“These assets, which are operated by various affiliates of EQT Corporation, have been agreed to be sold to Northern Oil and Gas (NOG), a Delaware corporation, for a consideration of $250 million cash and warrants that give entitlement to purchase 3.25 million common shares of NOG at an exercise price of $14.00 per common share in next seven years,” a RIL statement said.
A purchase and sale agreement was signed between Reliance Marcellus and NOG on February 3 for this sale, and the transaction is subject to customary terms and conditions of closing.
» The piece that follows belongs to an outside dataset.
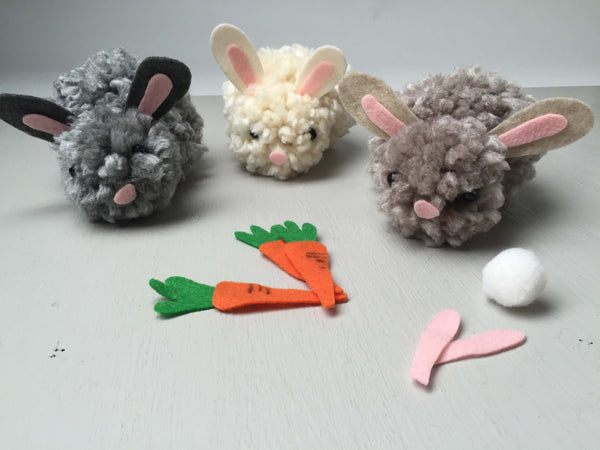 Pom-Pom Bunnies - Toddler Easter Crafts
EQT had announced the acquisition of Chevron’s Appalachia interests in September 2020. According to Northern Oil and Gas, their transaction with RIL compares favourably to other recent Appalachian deals and implies a 20 per cent discount rate by their estimates. Citigroup Global Markets acted as financial advisor to Reliance and Gibson, Dunn & Crutcher LLP served as its legal counsel. RIL is now left with an interest in one shale gas asset in the US, down from three earlier. This remaining one is the Eagle Ford, part of which was sold in March 2018 to Sundance Energy for about $100 million.
In April 2020, Business Standard had reported that the falling demand for crude oil in the US will adversely impact investments made by Indian companies in the shale business there. For RIL, its investment in US shale is providing its negative returns on equity. The average realisation for RIL’s shale investment had fallen to $2.71 for a thousand cubic feet equivalent of shale production. When crude oil prices drop, production of alternative fuels like shale oil and gas becomes unviable. RIL’s upstream joint ventures in US shale include a 45 per cent working interest (WI) partnership with Ensign Natural Resources in the Eagle Ford shale play, and a 40 per cent WI partnership with Chevron.
In October 2017, RIL had sold the first of its shale assets for $126 million, a third of the price it paid seven years earlier, amid a downturn in global oil prices.